■ **Task to complete**:
Going through the material below, output exactly the lines from the one containing "Food Scene: Ducks’" through the one containing "dia yang minta ahahaha 😭", and no pictures.

■ **Provided data**:
= = =

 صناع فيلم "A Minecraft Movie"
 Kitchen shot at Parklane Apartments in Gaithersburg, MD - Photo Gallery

= = =

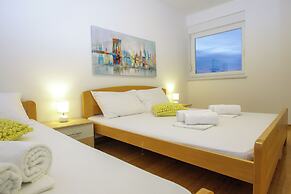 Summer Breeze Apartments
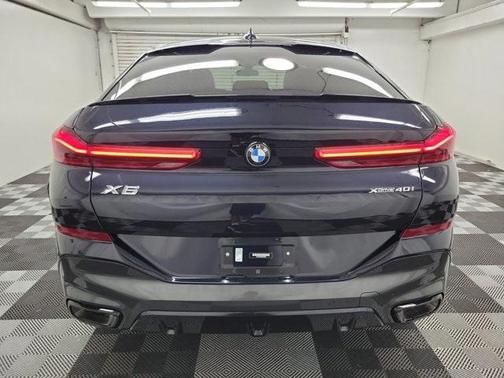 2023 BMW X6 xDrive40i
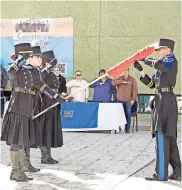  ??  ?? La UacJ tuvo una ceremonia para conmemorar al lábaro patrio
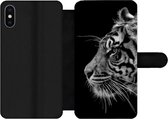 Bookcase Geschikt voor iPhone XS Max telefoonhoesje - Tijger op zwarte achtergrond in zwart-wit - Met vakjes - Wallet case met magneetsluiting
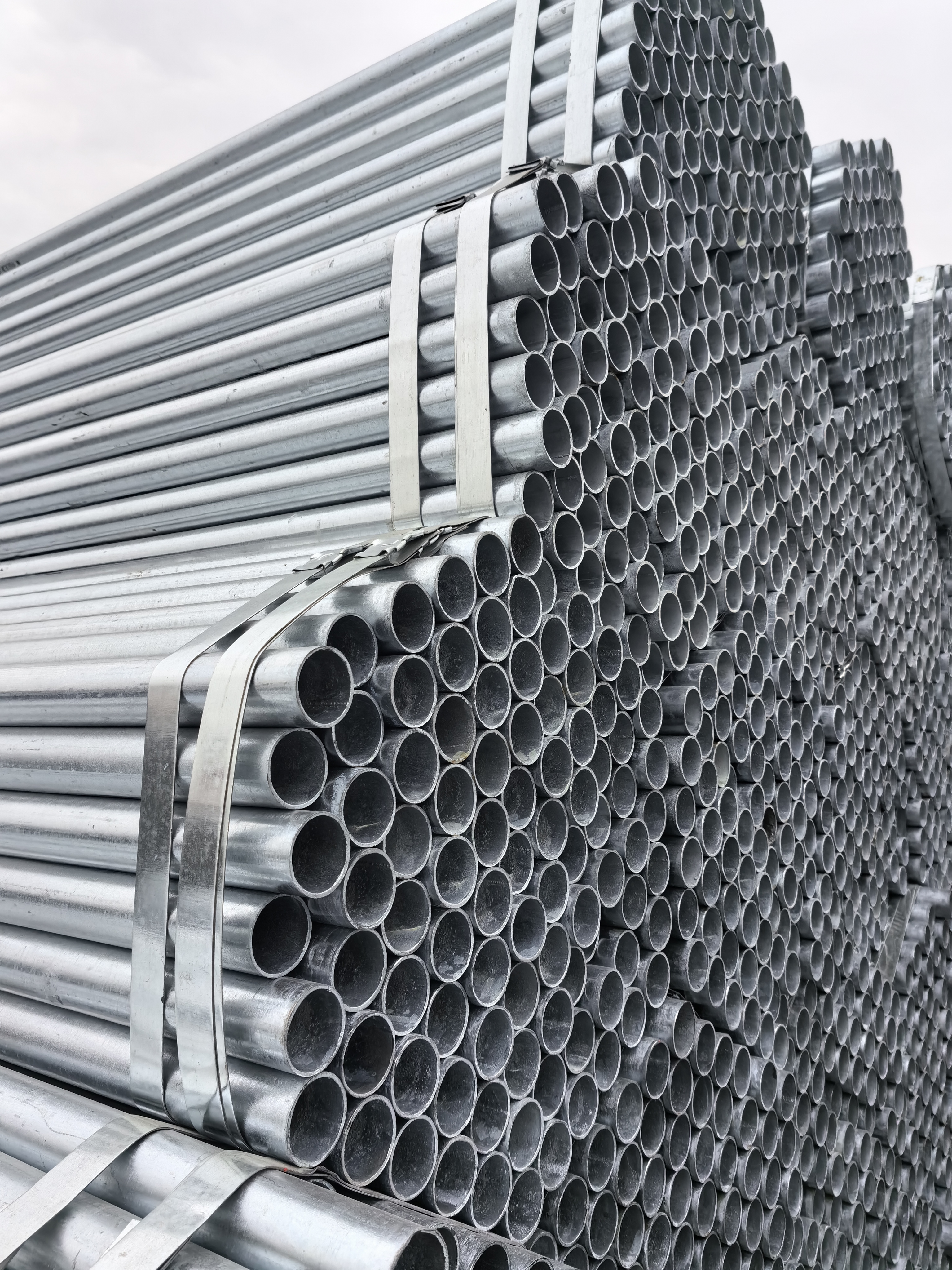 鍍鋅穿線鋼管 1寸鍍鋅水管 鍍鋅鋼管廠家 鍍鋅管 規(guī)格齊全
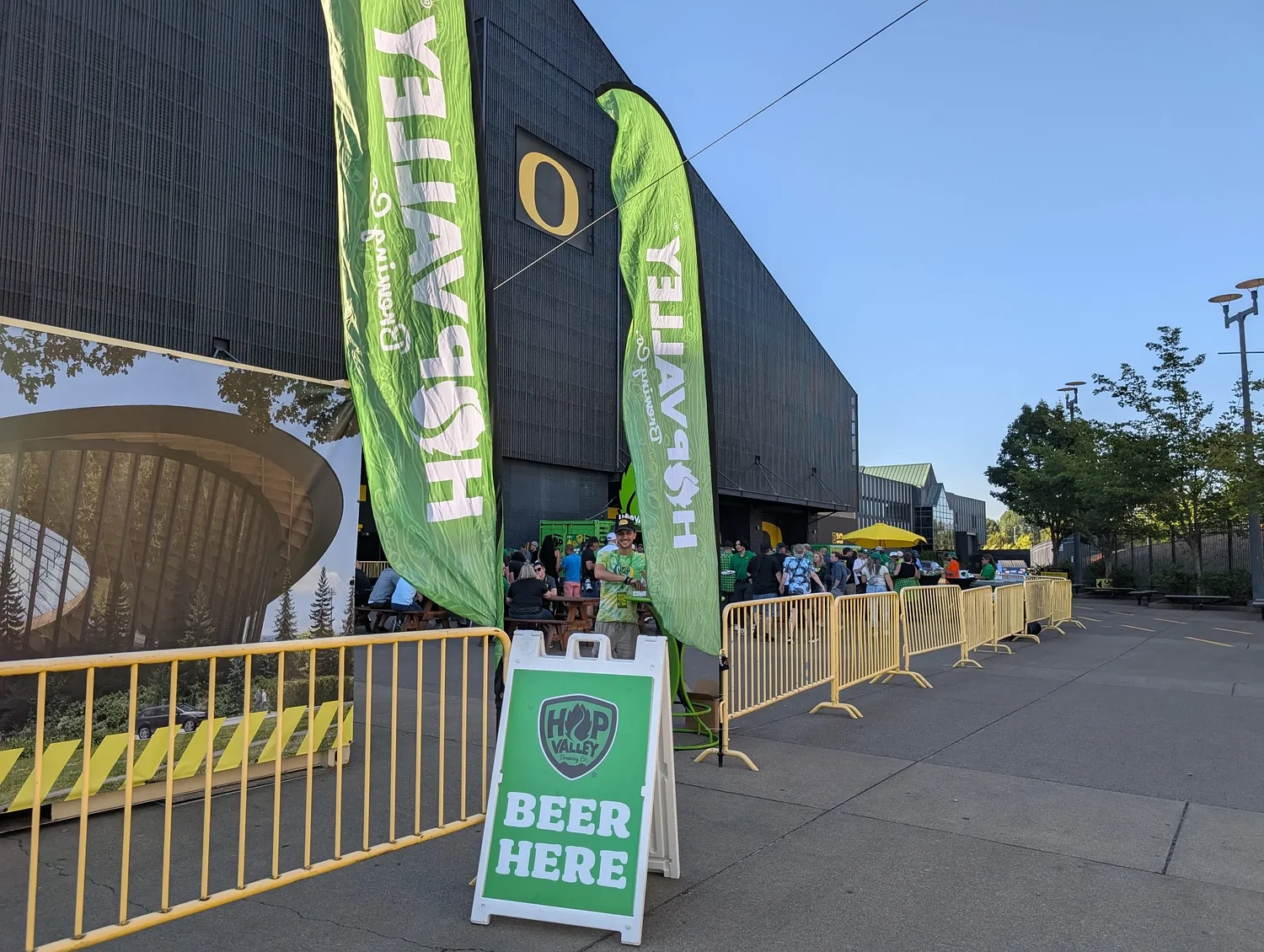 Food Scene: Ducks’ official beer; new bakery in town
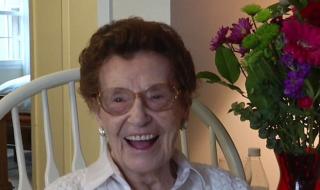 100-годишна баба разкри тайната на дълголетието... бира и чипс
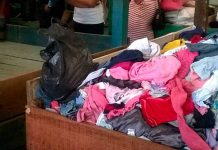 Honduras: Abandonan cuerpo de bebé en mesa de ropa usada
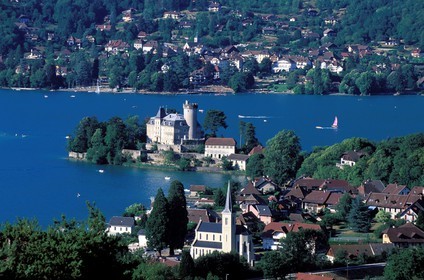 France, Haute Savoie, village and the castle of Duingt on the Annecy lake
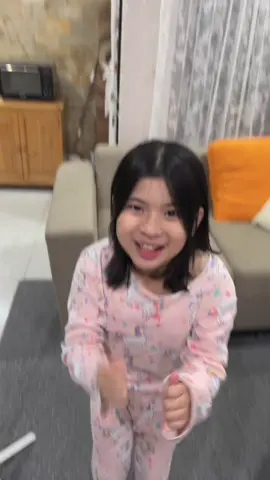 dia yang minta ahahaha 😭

= = =

■ **Answer for this exercise**:
 Food Scene: Ducks’ official beer; new bakery in town
 100-годишна баба разкри тайната на дълголетието... бира и чипс
 Honduras: Abandonan cuerpo de bebé en mesa de ropa usada
 France, Haute Savoie, village and the castle of Duingt on the Annecy lake
 dia yang minta ahahaha 😭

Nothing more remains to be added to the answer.